Wayne's World: The Importance of Rooney
It seems every World Cup, England puts together a solid team, that somehow depends upon the brilliance of a single man, who can take the merely good players around him, and make them into world beaters. In years past it was Beckham, and this year it’s Wayne Rooney.
Ask the common man why Rooney is so important to England, and he’ll say it’s because of his goals, of course. Top scorer in the qualifying campaign for his country, scores often, and in a variety of ways in the Premiership and Europe, the man finds the back of the net. However, his worth is far more than the goals he scores, his real value is how he makes the entire English offense around him much better.
Rooney is not a one-dimensional striker, while he can latch onto a through ball and finish, but he can also create his own shot, and this season he has become a threat in the air as well. All this means that he is going to demand more than one defender from the opposition in order to close him down. When that happens, Rooney’s constant movement means that the two center backs are going to be closer together, and often even parallel to each other, opening space through the middle for interplay between Rooney and the midfielders going forward, (there were times this happened in the second half against Mexico with Gerrard).
If one of the fullbacks comes over to plug the middle then Rooney’s neat passing game can find a winger, who will then be free to use the only asset Capello’s wingers posess, sheer pace. With England’s backs also capable of bombing forward, having a fullback out of position for the opposition is exactly what England want, letting the likes of Walcott cut in from the sides for layoffs and crosses.
This is only possible because of Rooney’s sheer work ethic, compare him to Manchester United’s other big name striker, Berbatov. He has a better touch than Rooney, and better vision, yet he doesn’t score or contribute good passes against strong opposition because he doesn’t move. Berbatov takes up position in or around the box and waits for the ball to be played to him, making him simple for the center backs to control, for long periods, he can be marked with just one man, leaving the other back to roam and close down other players, and then come back and clog the middle. Berbatov then often becomes a ball-stopper because of how quickly he can be closed down and the offense stagnates.
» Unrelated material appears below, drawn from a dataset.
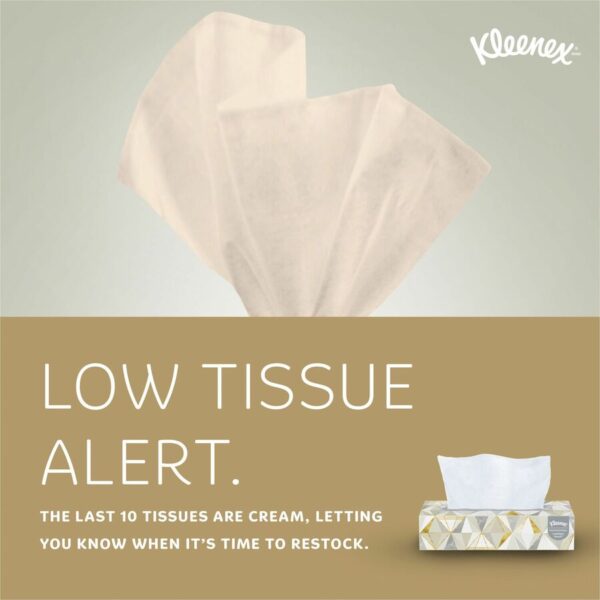 Kleenex Professional Facial Tissue for Business - Flat Box - Image 2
Rooney never allows this, because he is constantly working to get between the center backs, thus drawing both of them towards him, meaning they take up less space through the middle, leaving large holes for others. So oftentimes even though he doesn’t score, it is his initial effort that has cleared the area for others to get to shooting spots. While I do expect him to score goals in South Africa, England cannot win with him as their only form of offense, he needs to continue to do it all, both get himself shots and get his teammates looks on goal as well.